TCAN4550-Q1: CAN transmits not showing any data

Hi all,

I am working on implementing SPI-to-CAN-FD on a mmWave radar SoC (AWRL1432) using the TCAN4550-Q1 for automotive applications.

So far, we've implemented the functions in TCAN4x5x_SPI and verified that it can read/write to the TCAN4550 registers over SPI. 

However, when I try transmitting output over CAN-FD using the reference code provided in the TCAN4550_DEMO, no data is being sent; only the ID, ctrl, and CRC can be seen, followed by no acknowledgement.

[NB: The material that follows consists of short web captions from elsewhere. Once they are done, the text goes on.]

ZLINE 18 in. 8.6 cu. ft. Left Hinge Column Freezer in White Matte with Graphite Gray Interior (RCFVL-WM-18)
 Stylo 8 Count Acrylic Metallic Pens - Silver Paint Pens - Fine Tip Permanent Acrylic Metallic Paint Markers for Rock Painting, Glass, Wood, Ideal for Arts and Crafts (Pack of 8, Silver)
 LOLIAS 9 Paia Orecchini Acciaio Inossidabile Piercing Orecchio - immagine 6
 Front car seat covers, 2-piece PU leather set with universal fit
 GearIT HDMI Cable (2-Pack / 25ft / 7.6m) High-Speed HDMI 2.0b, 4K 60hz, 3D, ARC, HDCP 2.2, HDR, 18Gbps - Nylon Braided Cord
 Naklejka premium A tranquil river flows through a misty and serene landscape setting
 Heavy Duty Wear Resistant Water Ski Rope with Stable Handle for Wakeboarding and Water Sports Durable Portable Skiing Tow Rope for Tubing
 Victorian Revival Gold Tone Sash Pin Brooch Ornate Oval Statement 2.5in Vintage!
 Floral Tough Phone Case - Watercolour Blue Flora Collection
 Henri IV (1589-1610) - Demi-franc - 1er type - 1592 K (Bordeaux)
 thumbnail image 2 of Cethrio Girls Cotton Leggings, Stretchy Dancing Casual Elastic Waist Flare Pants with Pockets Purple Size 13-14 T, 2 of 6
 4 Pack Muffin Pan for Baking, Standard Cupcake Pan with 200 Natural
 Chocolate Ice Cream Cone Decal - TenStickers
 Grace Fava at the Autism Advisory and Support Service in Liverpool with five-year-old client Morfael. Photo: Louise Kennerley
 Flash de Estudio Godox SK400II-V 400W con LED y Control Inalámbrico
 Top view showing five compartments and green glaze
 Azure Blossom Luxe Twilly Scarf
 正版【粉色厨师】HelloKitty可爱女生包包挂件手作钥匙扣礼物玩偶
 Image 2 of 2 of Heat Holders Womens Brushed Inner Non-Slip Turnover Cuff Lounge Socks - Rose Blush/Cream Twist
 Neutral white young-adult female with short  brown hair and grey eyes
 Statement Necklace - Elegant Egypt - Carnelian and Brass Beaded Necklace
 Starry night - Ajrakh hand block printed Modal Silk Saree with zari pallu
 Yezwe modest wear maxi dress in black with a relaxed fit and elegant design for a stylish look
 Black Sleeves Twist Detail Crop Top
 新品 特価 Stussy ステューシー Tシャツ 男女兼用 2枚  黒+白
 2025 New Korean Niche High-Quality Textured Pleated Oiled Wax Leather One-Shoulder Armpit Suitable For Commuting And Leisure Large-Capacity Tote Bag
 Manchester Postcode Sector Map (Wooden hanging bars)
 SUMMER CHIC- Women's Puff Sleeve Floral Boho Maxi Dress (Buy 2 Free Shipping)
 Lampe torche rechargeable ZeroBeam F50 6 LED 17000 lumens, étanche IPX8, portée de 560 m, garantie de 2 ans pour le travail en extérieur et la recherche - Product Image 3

Please see the waveform for a transmit below:

Testing on PCAN-Pro also shows similar: while transmits are registered, only ID is shown and data is shown to be 0.

Please see the TCAN4550_Initialization in the code below:

void TCAN4550_Initialize(void)
{
TCAN4x5x_Device_ClearSPIERR(); // Clear any SPI ERR flags that might be set as a result of our pin mux changing during MCU startup

TCAN4x5x_Device_EnableTestMode(TCAN4x5x_DEVICE_TEST_MODE_CONTROLLER);
int32_t debugVal = AHB_READ_32(REG_DEV_MODES_AND_PINS);

// Step one attempt to clear all interrupts
TCAN4x5x_Device_Interrupt_Enable dev_ie = {0}; // Initialize to 0 to all bits are set to 0.
TCAN4x5x_Device_ConfigureInterruptEnable(&dev_ie); // Disable all non-MCAN related interrupts for simplicity

TCAN4x5x_Device_Interrupts dev_ir = {0}; // Setup a new MCAN IR object for easy interrupt checking
TCAN4x5x_Device_ReadInterrupts(&dev_ir); // Request that the struct be updated with current DEVICE (not MCAN) interrupt values

if (dev_ir.PWRON) // If the Power On interrupt flag is set
TCAN4x5x_Device_ClearInterrupts(&dev_ir); // Clear it because if it's not cleared within ~4 minutes, it goes to sleep

// Configure the CAN bus speeds
TCAN4x5x_MCAN_Nominal_Timing_Simple TCANNomTiming = {0}; // 500k arbitration with a 40 MHz crystal ((40E6 / 2) / (32 + 8) = 500E3)
TCANNomTiming.NominalBitRatePrescaler = 2;
TCANNomTiming.NominalTqBeforeSamplePoint = 32;
TCANNomTiming.NominalTqAfterSamplePoint = 8;

TCAN4x5x_MCAN_Data_Timing_Simple TCANDataTiming = {0}; // 2 Mbps CAN FD with a 40 MHz crystal (40E6 / (15 + 5) = 2E6)
TCANDataTiming.DataBitRatePrescaler = 1;
TCANDataTiming.DataTqBeforeSamplePoint = 15;
TCANDataTiming.DataTqAfterSamplePoint = 5;

TCAN4x5x_MCAN_CCCR_Config cccrConfig = {0}; // Remember to initialize to 0, or you'll get random garbage!
if(frameType == CANFDLLD_MCANFrameType_FD)
{
cccrConfig.FDOE = 1; // Enable CAN FD mode
cccrConfig.BRSE = 1; // CAN FD Bit rate switch enable
}
else
{
cccrConfig.FDOE = 0; // Enable CAN mode
cccrConfig.BRSE = 0; // CAN FD Bit rate switch disable

}
//cccrConfig.DAR = 1; // Disable automatic transmission

/* Configure the default CAN packet filtering settings */
TCAN4x5x_MCAN_Global_Filter_Configuration gfc = {0};
gfc.RRFE = 1; // Reject remote frames (TCAN4x5x doesn't support this)
gfc.RRFS = 1; // Reject remote frames (TCAN4x5x doesn't support this)
gfc.ANFE = TCAN4x5x_GFC_ACCEPT_INTO_RXFIFO0; // Default behavior if incoming message doesn't match a filter is to accept into RXFIO0 for extended ID messages (29 bit IDs)
gfc.ANFS = TCAN4x5x_GFC_ACCEPT_INTO_RXFIFO0; // Default behavior if incoming message doesn't match a filter is to accept into RXFIO0 for standard ID messages (11 bit IDs)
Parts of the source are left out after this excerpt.